"We could pay Ryanair a load of money right now, but we don’t want to do that. In the long term, we don’t think that’s sustainable," said Ben Whawell, chief financial officer.
The logistics firm behind the iconic Eddie Stobart lorries, soared back into the black with its final results statement and promised "rapid growth" for its London Southend Airport.
Stobart wants its Southend Airport to compete with the big London airports and to be the alternative to the likes of Gatwick, Heathrow and Stansted for travellers to the capital, chief executive Andrew Tinkler told Proactive Investors.
The aviation arm was a major growth driver for the group and the board is already exploring sustainable long term contracts with airlines to drive passenger numbers.
"There's a pipeline of 12 serious airlines looking at Southend," said Whawell.
The group aims to sway London travellers to use Southend as it would cut travel time by falling below London airspace and thereby cut ticket pricing.
But could we soon soon Eddie Stobart Airlines flying across our skies?
“It’s not impossible it wouldn’t happen, it’s a household name in the UK and we’ve a strong engine behind that brand name. But on the other end, in Europe, it might not work. The name isn’t so well known.
Instead it would work through another business model, the group’s Stobart Air investment," said chief executive Andrew Tinkler.
"We'd use our engine and brand to help grow an existing airline- rather than spend money marketing the airport, we get a blue chip brand on board to start operating flights which we underwrite."
“Maybe it could be a shared thing, with a double-barrelled name. Stobart-Virgin, EddieJet,” he joked.
Stobart estimated a £30mln investment would be needed, split across the airport and biomass, to fund the required growth. But the group forecast it would generate it back within a year.
The transport and property group reported that revenues had increased by 8.6% to £126.7mln. Pre-tax profit was at £10m, compared with a £9.4mln loss the previous year, and underlying pre-tax profit jumped to £18.4mln from £9.3mln.
Tinkler said: “This year we have delivered improved profitability in all five divisions with the foundations, management and organisational structure almost set to achieve our objectives and deliver our plan.”
The group hopes to see the number of passengers using the Essex airport increase to 2.5mln a year by 2018, that’s more than double the 900,000 customers it attracted in the year ending February 29.
Passenger numbers at its London Southend Airport were lower than previous years due to the terror concern, but the drop was expected. It is now looking to attract more London-based travellers for the summer.
Southend won the best airport in Britain award as voted by the Airport Operators Association.
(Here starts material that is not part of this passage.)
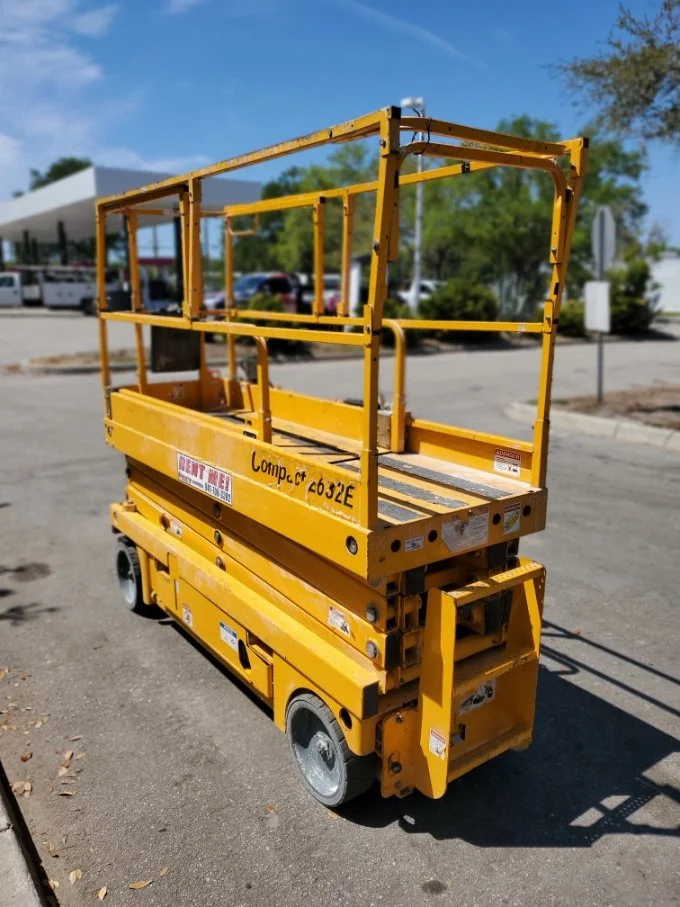 American Pride Rentals - Haulotte 2632E 507 4.jpg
“Our 45% investment in the airline, Stobart Air, continues to grow with improved passenger volumes and profitability in the year ending December 2015,” said the group.
The group’s aviation boss Glyn Jones is in talks with major operators to add new routes.
It has secured grant funding to develop the runway and other infrastructure requirements to support airlines to operate from its four airports in conjunction with Stobart Air. Tinkler said to expect “rapid growth.”
“This is an exceptional time for the Stobart corporate family and its shareholders,” he added.
“We remain focused on delivering the strategy and realising superior growth and shareholder returns from our strong service, infrastructure and logistics heritage.”
Shares rose 0.7% to 110.50p after peaking at 111.70p this morning.